Creating a Digestion
Before creating the actual digestion, we will choose an appropriate workflow to process the digestion. For this example, we will use the LogQS’ managed “Extraction” workflow, which will produce a new log file that we can download. We can fetch this workflow by its name:
workflow = lqs.list.workflow(
name="LogQS Managed Extractor",
).data[0]
Next, to create a digestion, we can use the lqs.create.digestion method. This method requires a log_id to specify which log the digestion is associated with and the workflow_id to specify which workflow should be used for processing. We can also provide an optional name and note for the digestion for reference.
digestion = lqs.create.digestion(
log_id=log_id,
name="My Digestion",
note="This is a test digestion.",
workflow_id=workflow.id,
).data
Digestions are created in a ready state by default.

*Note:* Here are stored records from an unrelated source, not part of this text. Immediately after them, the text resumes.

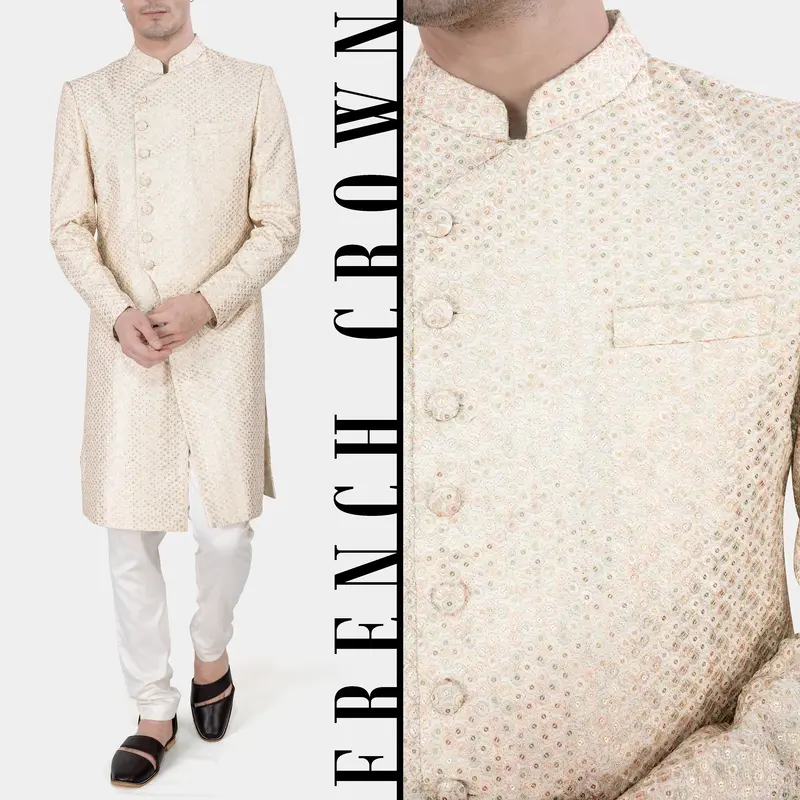 Bone Cream Embroidered With Sequins Work Sherwani With Kurta And Pajama Set 1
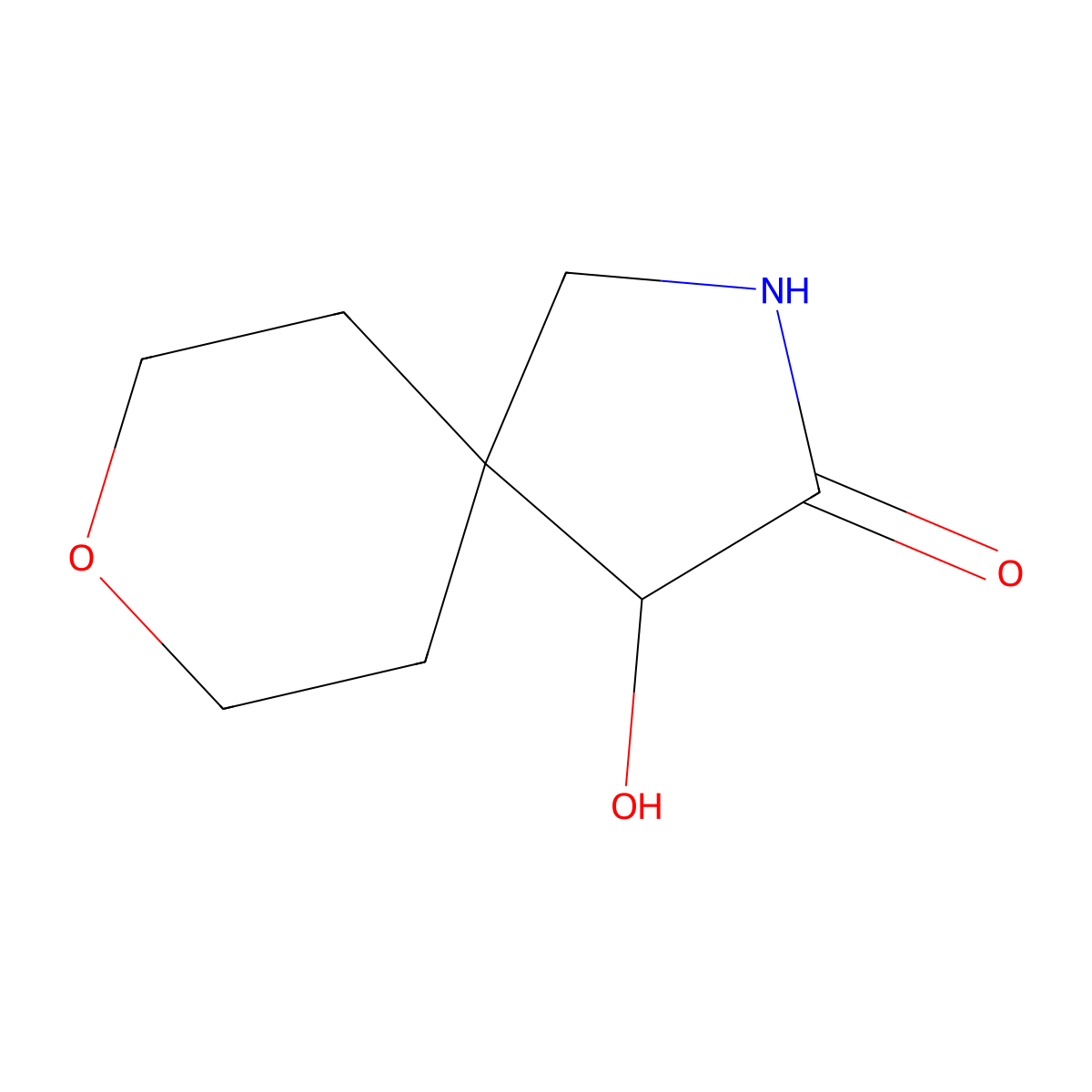 4-Hydroxy-8-oxa-2-azaspiro[4.5]decan-3-one molecular structure, CAS 1909348-57-7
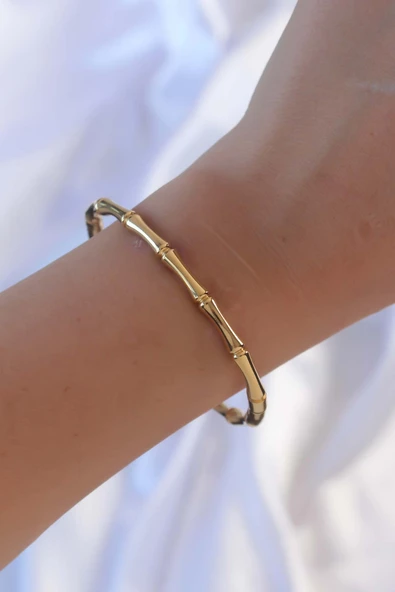 Gold Renk Kemik Model Bileklik - EBJ240928W28362 - Resim 2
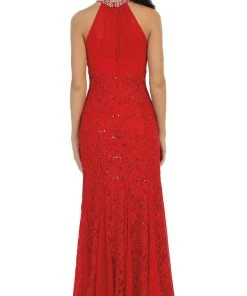 May Queen - Embellished Halter Sheath Mother Of The Bride Dress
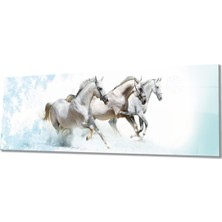 Rosyvien Koşan Asil Atlar Panoramik Cam Tablo, Modern ve Şık Ev Ofis Duvar Dekoru, Hediyelik Temperli Cam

Next, we can add digestion topics to the digestion. This is done using the lqs.create.digestion_topic method, which requires a digestion_id and a topic_id to specify which topic within the log should be processed. We can also provide optional start_time and end_time parameters to specify a time range for the records to be processed.
Say we want to process records from all the topics in the log starting 15 seconds from the start of the log and ending 15 seconds before the end of the log. We can do this by fetching all the topics in the log and then creating a digestion topic for each one:
log = lqs.fetch.log(log_id=log_id).data
topics = lqs.list.topic(log_id=log_id).data
for topic in topics:
lqs.create.digestion_topic(
digestion_id=digestion.id,
topic_id=topic.id,
start_time=log.start_time + 15e9, # 15 seconds after log start
end_time=log.end_time - 15e9, # 15 seconds before log end
)
At this point, the digestion is ready to be processed. We can update the digestion to a queued state, which will trigger the digestion processing:
digestion = lqs.update.digestion(
digestion_id=digestion.id,
data={"state": "queued"}
).data
This will start the digestion process, which will transition the digestion to a processing state when LogQS starts the actual task. During the processing state, LogQS will create digestion parts for the digestion which can be used either by the user directly or by a workflow during the finalizing state.
We can monitor the state of the digestion by fetching it again:
digestion = lqs.fetch.digestion(digestion_id=digestion.id).data
print(f"Digestion '{digestion.name}' is now in state '{digestion.state.value}'.")
In this example, we’re using the LogQS managed “Extraction” workflow which will produce a new log file during the finalizing state and upload that file to the default object store as a log object under a prefix of digestions/<digestion ID>/. Since we’re digesting data from a ROS bag, the resulting log file will be a ROS bag file as well and will be located at digestions/<digestion ID>/extraction_<digestion ID>.bag.
When the digestion is in the completed state, we can verify that the extraction file was created by listing the log objects in the default object store:
extraction_object = lqs.list.log_object(
log_id=log_id,
prefix=f"digestions/{digestion.id}/",
delimiter="/",
).data[0]
If this checks out, we can download the file using the download utility method (see Utils.download()):
lqs.utils.download(log_id=log_id, object_key=extraction_object.key)
This will download the file to the current working directory, and we can verify that the file was downloaded successfully.